I am 59, I do not work, my children have all moved away, I have no friends and am surviving on very little money. I do not feel I have a purpose in life. I am not interested in voluntary work because of chronic pain. I am depressed and just wish I had the courage to kill myself. my mother and grandmother died at 72 so I guess I have to wait that long. life is unbearable. I go for days not seeing anyone. get up in the morning with no plan or purpose and go to bed at night in a lonely house.
6 comments
Have you thought of renting out space in your home, perhaps finding a roommate of some kind to help you out? Maybe take the edge off being alone all the time.
Thats good advice real talk. Also Rosalyn, I feel your pain, I’m 41, havent had a girl since the 90’s and well obviously here I am on this website because I dont know what to do. So me offering advice is easy but I know how hard it is. Maybe since you found your way on to this site you might be able to find sites with other people in your area looking for people to talk to. Maybe a support group. Keep trying, our generation is living longer than the previous one in some case and you could be around longer than 72.
Hah I’m only 27 and already dealing with the same stuff. Same loneliness every day. Wake up to a phone with no messages or calls. No friends. No job. Almost hurts more when it’s happening during what are supposed to be the best years of your life. I won’t make it to my 50s if this doesn’t improve soon.

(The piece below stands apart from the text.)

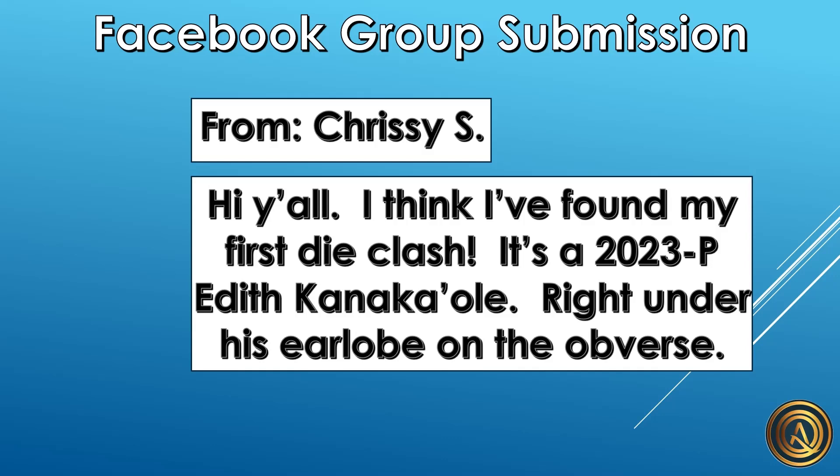This submission is from Chrissy S, and on her post she said, 'Hi y'all, I think I found my first die clash. It's a 2023P Edith Kanakaole, right under the earlobe on the obverse.'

As a 21 yr old the only consolation I can bestow on you is that I’m jealous of you because you’re closer to death than I am….anything you still love? Any hobbies or passions from your younger days? Have you tried reaching out to any of your children? Maybe you could move in with one of them, or at least move closer to them. I’m sure you don’t want to be a burden. I think you’re justified to take your life into your own hands since your kids are all on their own but if you think killing yourself may give them a lot of pain then maybe do everything and anything you can to make it to a natural death. I understand how hard that can be though and you’ve lived a lot longer than I have and are probably more tired of even than me. So whatever you choose, I wish you peace.
Be lucky you don’t have a person like me around I’d talk your ear off, lol. I wish everyone would appreciate their mothers more because once they’re gone in can ruin your life in so many ways, call up your kids and talk to them, you have nothing to lose
I am the same way so bloody lonely. I am profoundly disabled so the only time I was ever wanted in life was when I was a real little toddler. When I was still cute in other words. But not long after that the disease took hold and I became a complete social outcast for the rest of my life. I spend my days alone, just me, my dog, and god. I’ve learnt to talk to myself inside my head because I haven’t got anybody.